Well, except check out, and then check out from all those online stores.
My sister’s self-care drug? Shopping.
The thing is, I’m generally wary of considering shopping — or purchasing things in the name of self-care — as real self-care. And yet, as I look at her, slightly envious of that new off-shoulder floral top, I see why shopping is key to her self-care – that it’s not merely about the temporary thrill of new clothes (I’ll expound on this later).
We’ve all heard the famous battle cry: “Treat yo self!”
Back then, on a good day, I’d “treat myself” for a job well done. On a bad day, well, the more it felt necessary: “Let me just buy this cute dress because I’m having such a shitty time/drowning in work/surrounded by toxic people/being mistreated/feeling stuck, overwhelmed, and unhappy with where I am.”
But, really, all I was doing was tolerating my status quo. Maybe I was imploding, but at least I looked cute?
So I’m saying this from a been-there-done-that place: it’s not easy to draw the line between looking after yourself and compensating for or evading whatever it is that’s making you anxious.

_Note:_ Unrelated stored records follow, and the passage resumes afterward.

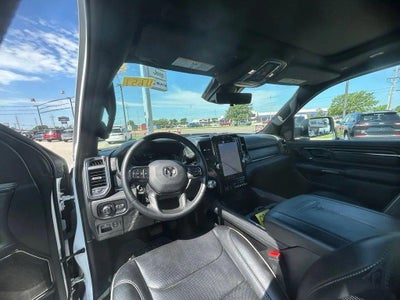 2024 RAM 1500 Limited Crew Cab 4x4 5'7' Box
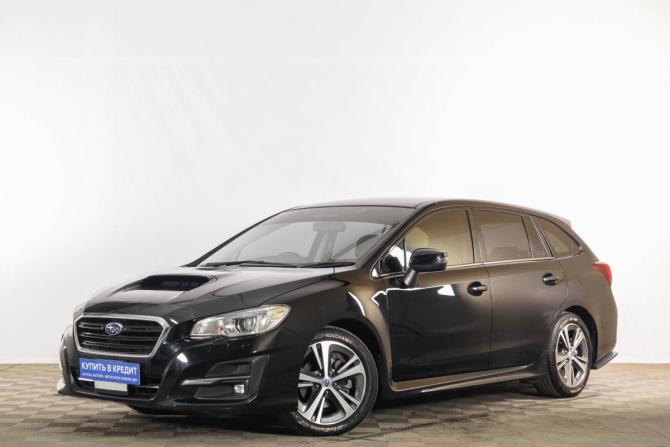 Subaru Levorg I с пробегом 2019 года, цена 1 979 000 рублей, 140000 км, универсал, Автокод Объявления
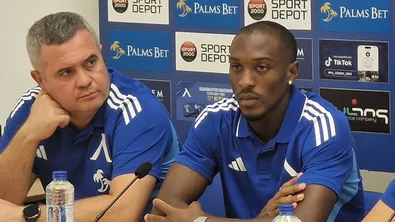 Алдаир: Левски е отбор, който никога не се предава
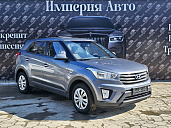 Hyundai Creta, 2017г., передний привод, автомат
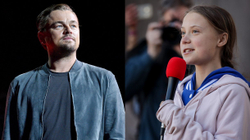 DiCaprio e quan Thunbergun “lidere e kohëve tona”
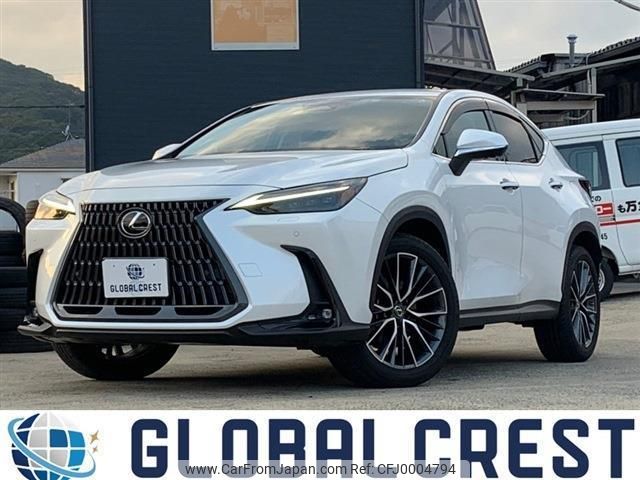 lexus nx 2021 quick_quick_6AA-AAZH20_AAZH20-1001450 image 1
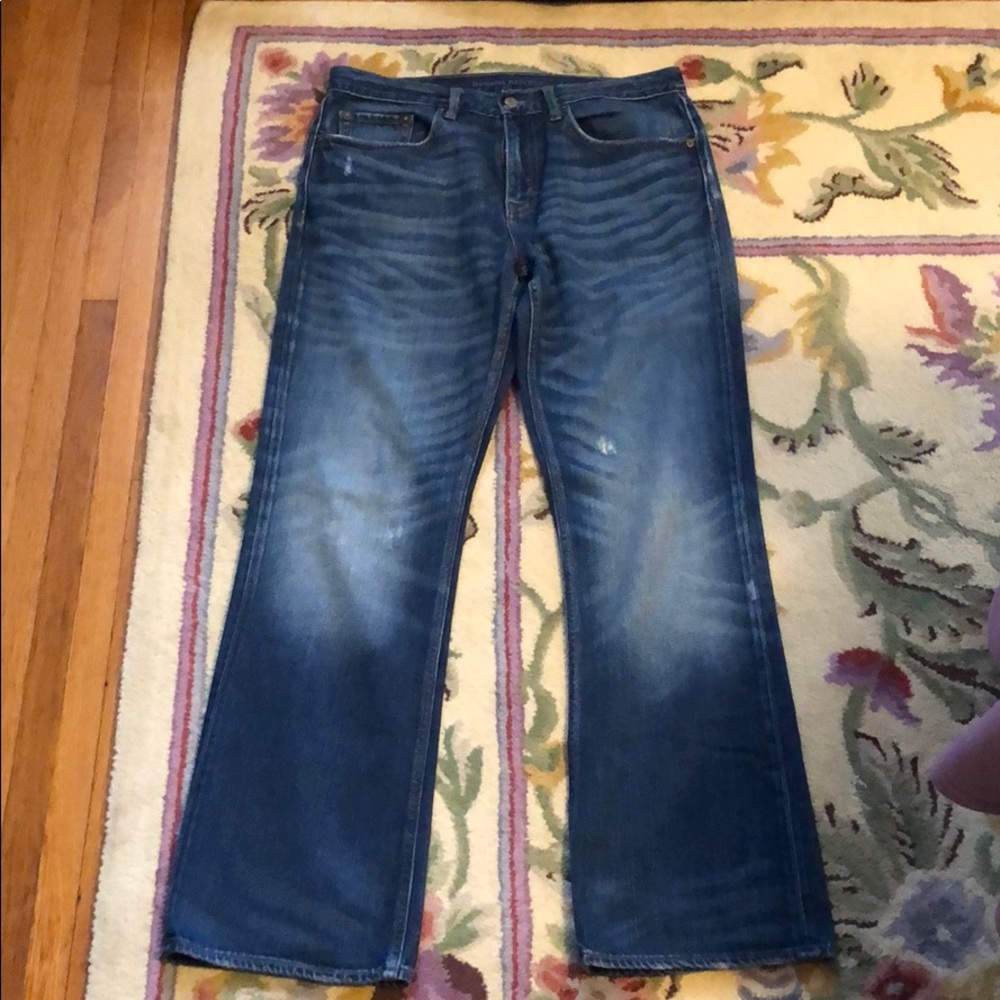 Banana Republic jeans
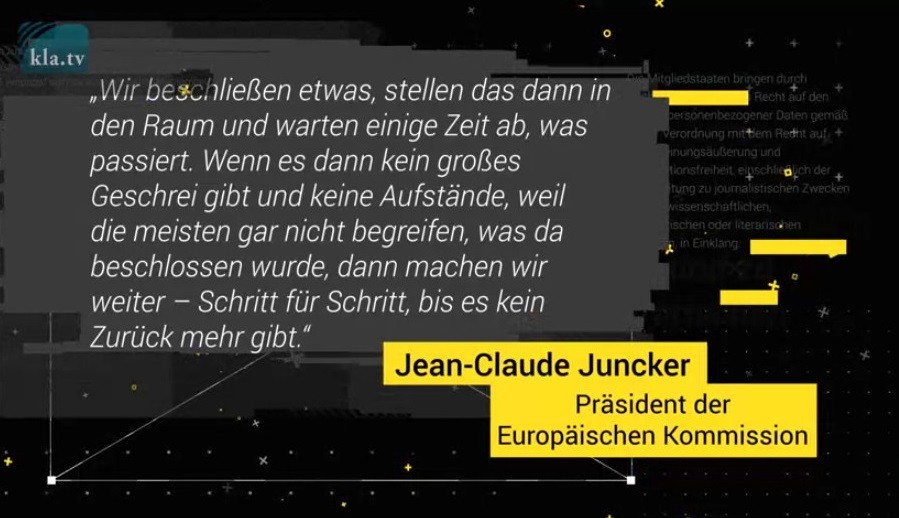 Quelle: Screenshot - Kla.tv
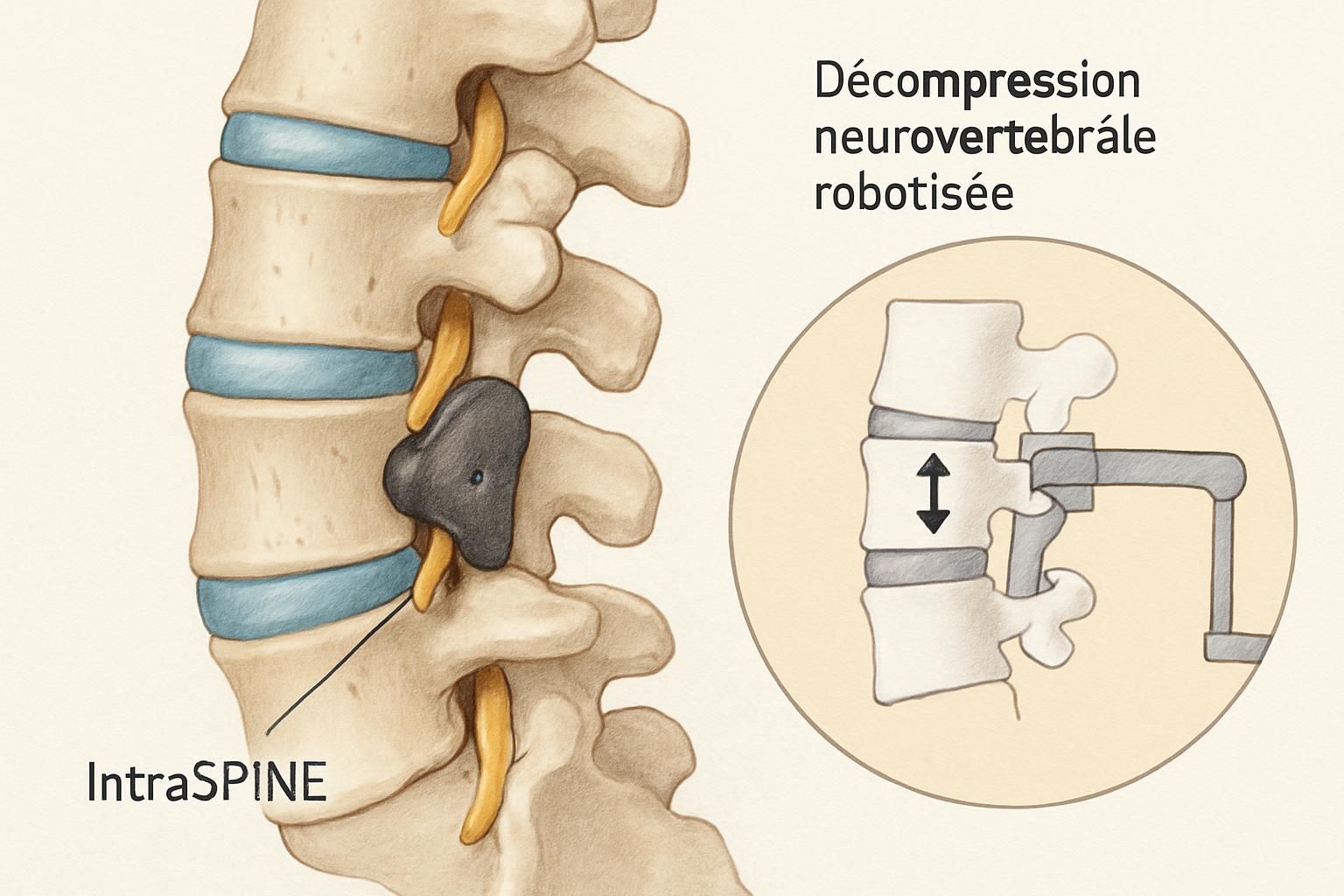 découvrez intraspine® à laval, une solution approuvée et innovante pour soulager efficacement la lombalgie chronique et améliorer votre qualité de vie.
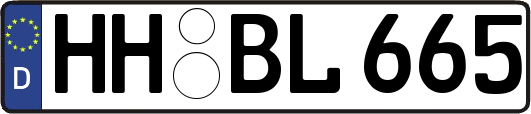 HH-BL665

This isn’t entirely our fault given how self-care has been thoroughly commoditized and trendified, with every product, brand, and ad laying its claim on it (Recently, I saw photos of a product launch that had signages plastered all around saying “Skincare is self-care”).
“The term has been hijacked by capitalism”, author Maya Shanbhag Lang pointed out in an interview. “We’re told that we can buy a brownie (or a lifestyle) and feel better. Really showing up for ourselves and caring for ourselves is altogether different. It’s a decision.”